First, I’ll start with my recipe for really enjoying working seven day weeks. Have two wildly different jobs and really enjoy them both. I enjoy programming, and I enjoy farming. Forty hours a week of each makes a nice, well-balanced life.
I failed in my resolution to stay out of the hives this weekend. However, my feeling of last weekend turned out to be correct. Nothing much happened. The left-most hive is finally drawing the super that they got three weeks ago. The others that got new supers one and two weeks ago are all busy exploring, but not actually drawing any comb. So I’ll try again next week to stay out.
We spent the rest of the weekend running fence. It turns out that there are only two kinds of fence that will contain northern shortail sheep: woven wire and multistrand electric (usually high tensile). We know this from experience with Icelandics and Shetlands, and I’ve talked to a Romanov breeder. Somehow I just don’t think the North Ronaldsays or Finnsheep are a lot different.
We’d run several hundred feet of high tensile in 2005, and discovered two reasons that it works better in New Zealand than New England: rocks, and irregular ground. I suppose if you were refencing a pasture that had been grazed coninuously for the last couple hundred years, you wouldn’t have that problem, but most of us here are rebuilding farms that have been abandoned for a century or more. Anyway, you simply are not going to get a hundred foot run on a strand low enough to keep lambs in.
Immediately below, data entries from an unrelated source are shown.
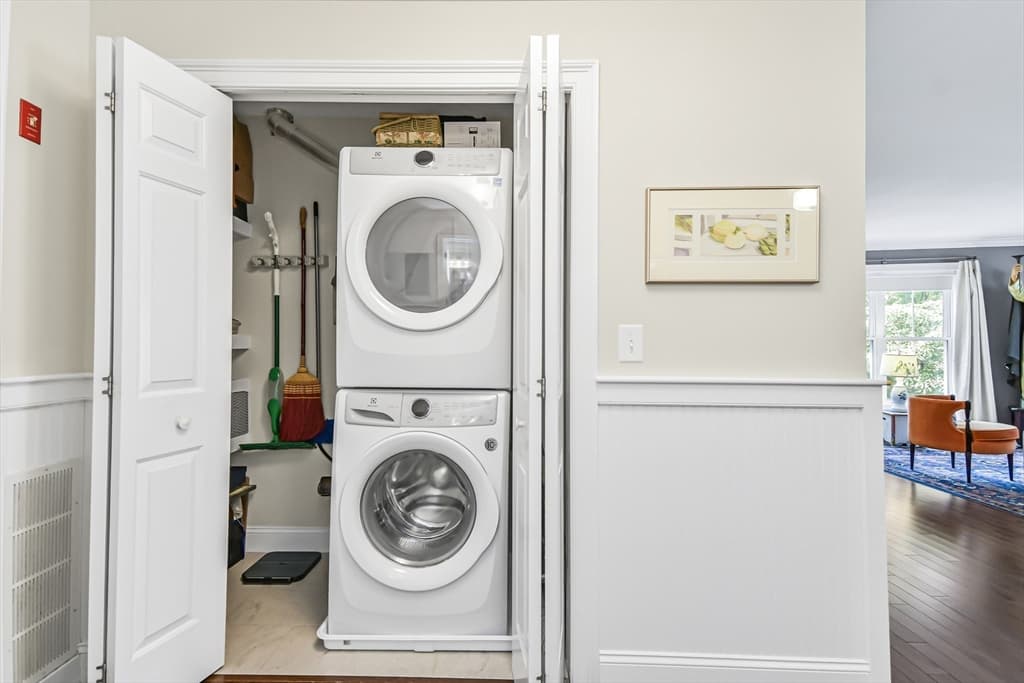 104 Main St # 2, Amesbury MA 01913 photo 16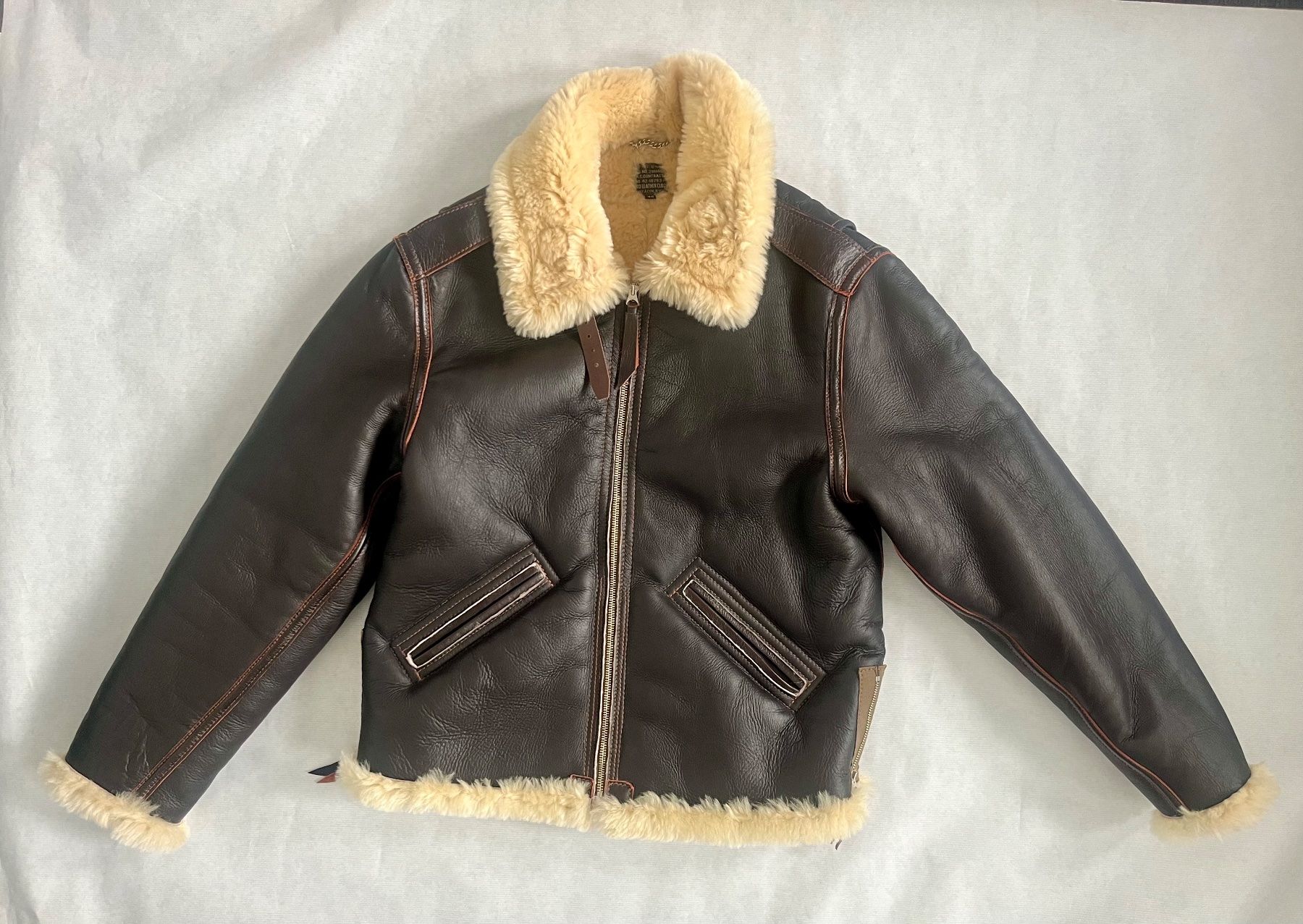 Aero Leathers Clothing Giacche: Aero Leathers B-6 USAAF Shearling Bomber Leather Jacket – Nuovo (secondo la descrizione) da Neuhausen venduto da Ann.Drea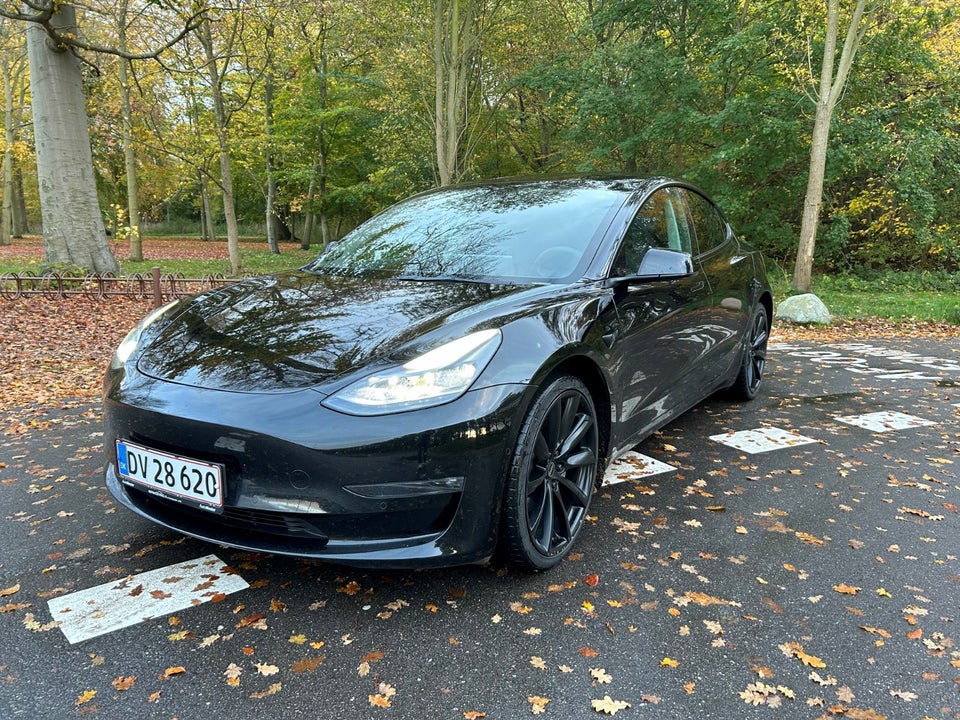 Tesla Model 3 Long Range AWD 4d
It will hit the ground somewhere along the way.
Then we went and got horses, and quickly discovered that electric wire, especially high tensile, is not recommended for horses. They have trouble seeing it, and they can spook, so they can run into it and it does the cheesecutter thing. And oh yeah, you can’t use normal woven wire either because they get their hooves stuck in it and break those long, delicate legs. You have to use realy tight stuff, usually 2×4 inches. Oh cool. Twice the metal, twice the weight, twice the money. You can use the electric rope because thay can see that. The electric rope would indeed contain Minx … for several minutes. She would be laughing too hard to actually walk through it.
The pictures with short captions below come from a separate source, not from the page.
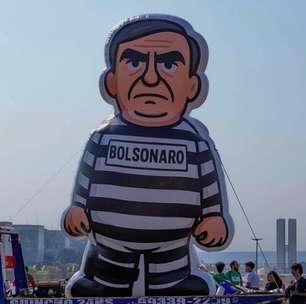Movimentos estudantis levam 'bonecão' de Bolsonaro como presidiário para celebrar condenação no STF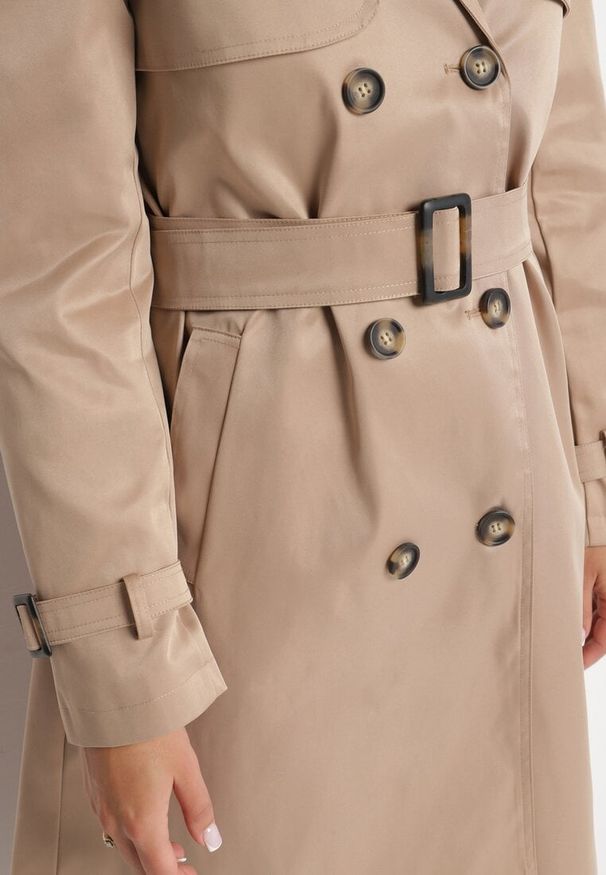 Born2be - Beżowy Płaszcz Trencz Dwurzędowy Ozdobiony Paskiemz Klamrą Tinbella. Okazja: na co dzień. Kolor: beżowy. Materiał: jeans. Wzór: aplikacja. Styl: elegancki, casual, klasyczny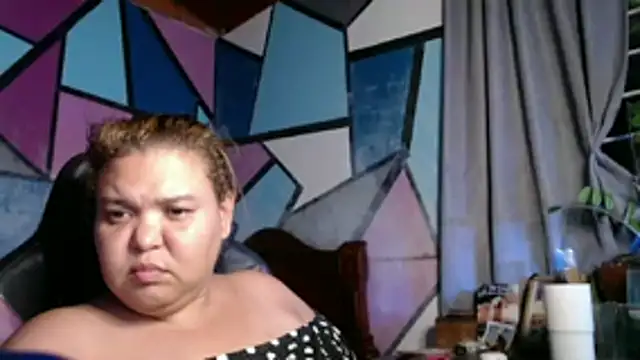 Sherlynn01's cam snapshot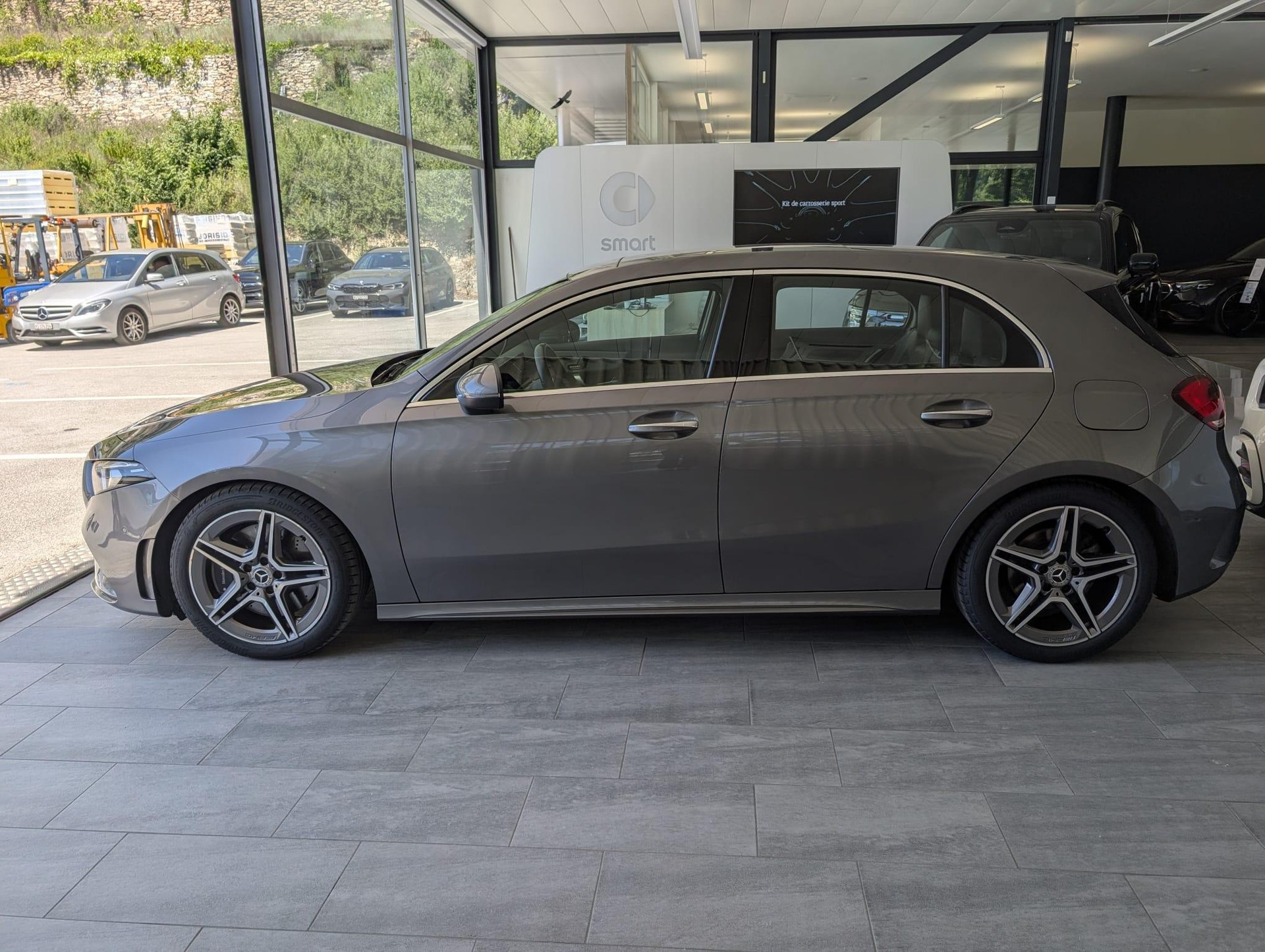 MERCEDES-BENZ A 250 AMG Line - 2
So, we are left with woven wire, possibly with a couple strands of electric rope, one above it to keep Misty in, and one below to keep Minx in and predators out.
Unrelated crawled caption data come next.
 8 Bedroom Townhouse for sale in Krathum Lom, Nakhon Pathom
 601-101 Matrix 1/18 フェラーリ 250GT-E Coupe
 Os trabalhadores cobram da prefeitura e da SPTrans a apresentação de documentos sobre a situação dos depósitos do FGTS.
We had friends down in Peterborough give us several hundred feet of salvaged 66 inch high, horse-type woven wire last week. It was enough to run from Kevin’s hog panel set-up along Mack Hill Road down to the swamp, and even a few feet along the swamp. As we get deeper into the week, we’ll know what next weekend looks like and whether to dispatch Lisa down to Wellscroft to get another few hundred feet of wire for next weekend. After all, we also have the horse house and firewood in desperate need of work.